PLOT: Once upon a time, Jill Parrish was taken from her home and placed in a large hole in the middle of the woods. Lucky for her, she escaped. Yet when her sister goes missing a year or so after the incident, Jill is sure that it is the same man. Proving this to police becomes a difficult task for her since there was never any proof found in regards to her own kidnapping. Desperate and ready to face her darkest demon, she takes it upon herself to save her sister from that same crazed killer… if he exists!?!
Hey kids look, it’s Nancy Drew on acid… or at least some sort of illegal substance. If you don’t know the reference, “Nancy Drew” is a fictional teen detective. What does that have to do with the new flick starring Amanda Seyfried called GONE? Well, they are both equally unbelievable. When she realizes no one will believe that her sister has been kidnapped, Seyfried goes on her own investigation. This journey leads her to a few oddball moments where suspension of disbelief seems damn near impossible. Yet she has those big, beautiful eyes so why the f*ck not?
In GONE Seyfried plays Jill Parrish, a young woman who was supposedly taken from her bed one night and placed in a deep hole in the middle of the forest. Somehow she escaped, but because the police department is staffed by a bunch of morons they find no evidence of the kidnapper or the kidnapping. Of course, these cops couldn’t find a hole in their own butt let alone the middle of the woods. So this poor girl is committed and given treatment for her wacky stories. Of course the audience is forced into the “is she or isn’t she crazy” thing which mostly makes everybody else look nutso. After a year or two has passed (I honestly don’t remember how long it was), Jill’s sister Molly (Emily Wickersham) disappears. Thus, GONE spends its time setting up red herrings and playing wink-wink with the audience in regards to Jill’s sanity.

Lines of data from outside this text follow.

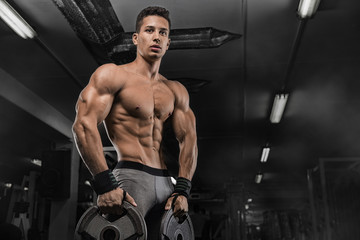 Fototapeta na wymiar Man Lifting Heavy Weights In The Gym. Athletic sport lifestyle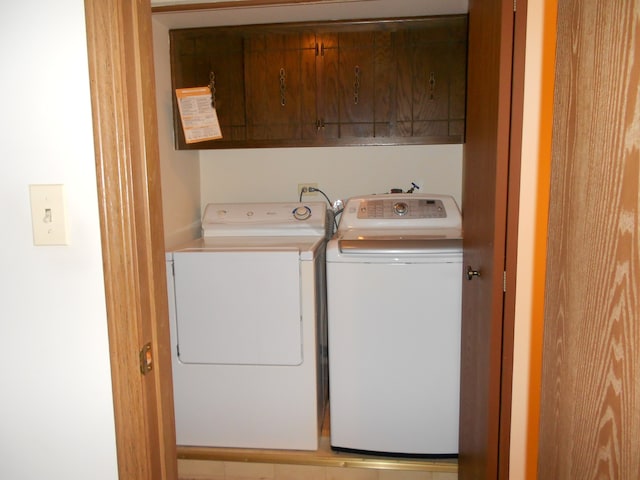 laundry room featuring cabinets and washer and dryer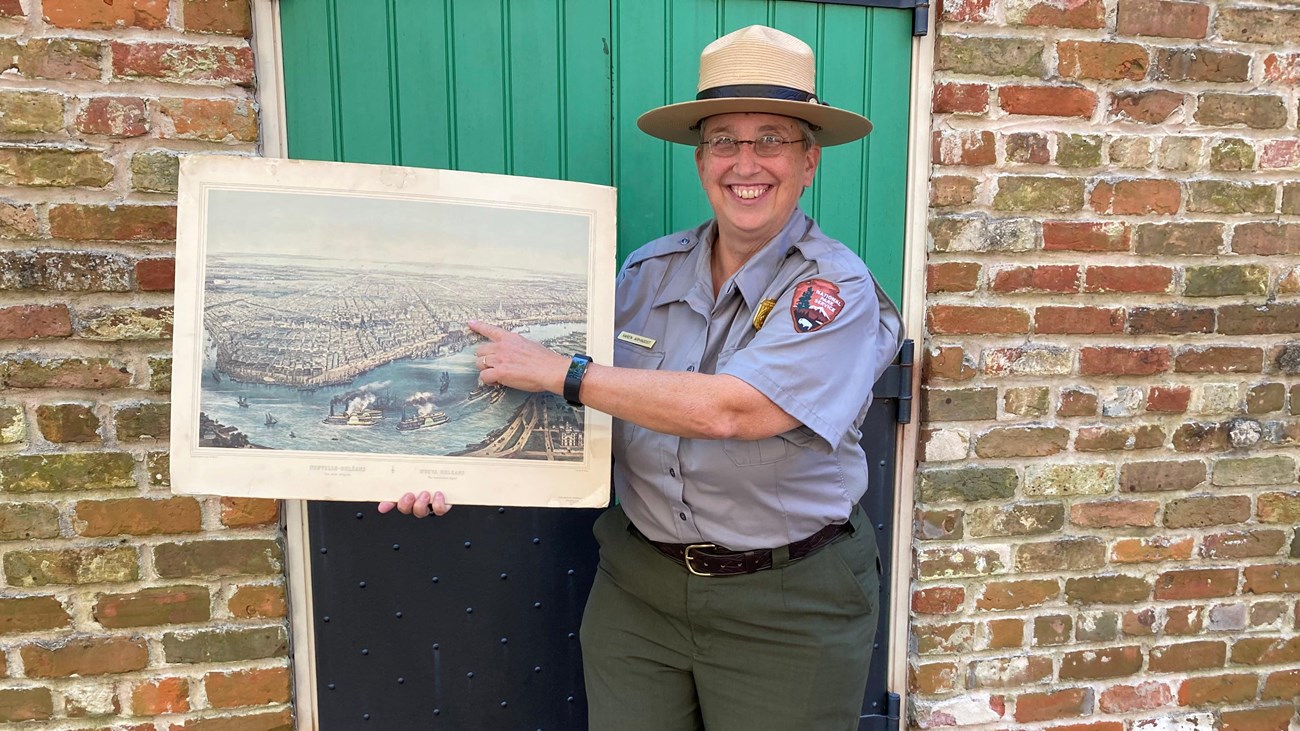 Ranger Karen in a flat hat holding a historic painting of new orleans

Much of what went into this ultra safe thriller is generic and predictable. Director Heitor Dhalia and screenwriter Allison Burnett build very little tension or suspense. We simply follow Jill to her job and then back to her home where her sister has gone missing. The rest of the plot is so far-fetched and ill conceived that it is hard to take any of the proceedings too seriously. Do they expect us to believe – no matter how desperate she is – Amanda Seyfried could outrun police in a car chase? Each clue is blatantly obvious and the “surprises” are few and far between. Hell, there is even the old cat jumping out of a closet scare to make the audience jump. Who are they trying to scare with that? Even younger audiences won’t be all that terrified when Garfield gives his menacing “meow.”
As by the books and thrill-less as this is, it isn’t as bad as it could have been. First off, you can’t help but root for Seyfried, especially when the moronic cops don’t even bother checking her story. Even with the coolness of Michael Pare as the Lieutenant, these officers of the law were worthless. Yet Seyfried’s performance is convincing enough to charm the hell out of you, even if her adventures are utterly implausible. Also quite good is Wickersham as Molly. She is incredibly likable and her relationship with Jill was shockingly effective. Of course she’d better be worth caring for if her sister would be willing to risk everything to track her down – the killer tends to keep the victims until night falls so time is of the essence.
Besides a couple of decent cast member including Jennifer Carpenter (“Dexter”) and Wickersham, there is one other thing that I appreciated about GONE. A couple of the choices our heroine makes at the end of the film are unusual for this kind of thriller. It is not nearly as safe and PC as one would expect. Not that this is a great ending thanks to a ridiculously anti-climatic finale, but hey, at least it didn’t wimp out as much as it could have. If you happen to be a fan of the lovely Amanda Seyfried, then maybe you should hope she chooses some better films. However, if you have nothing better to do, this might be worth checking out as a cheapo DVD rental. It might even end up as a dumb and goofy guilty pleasure.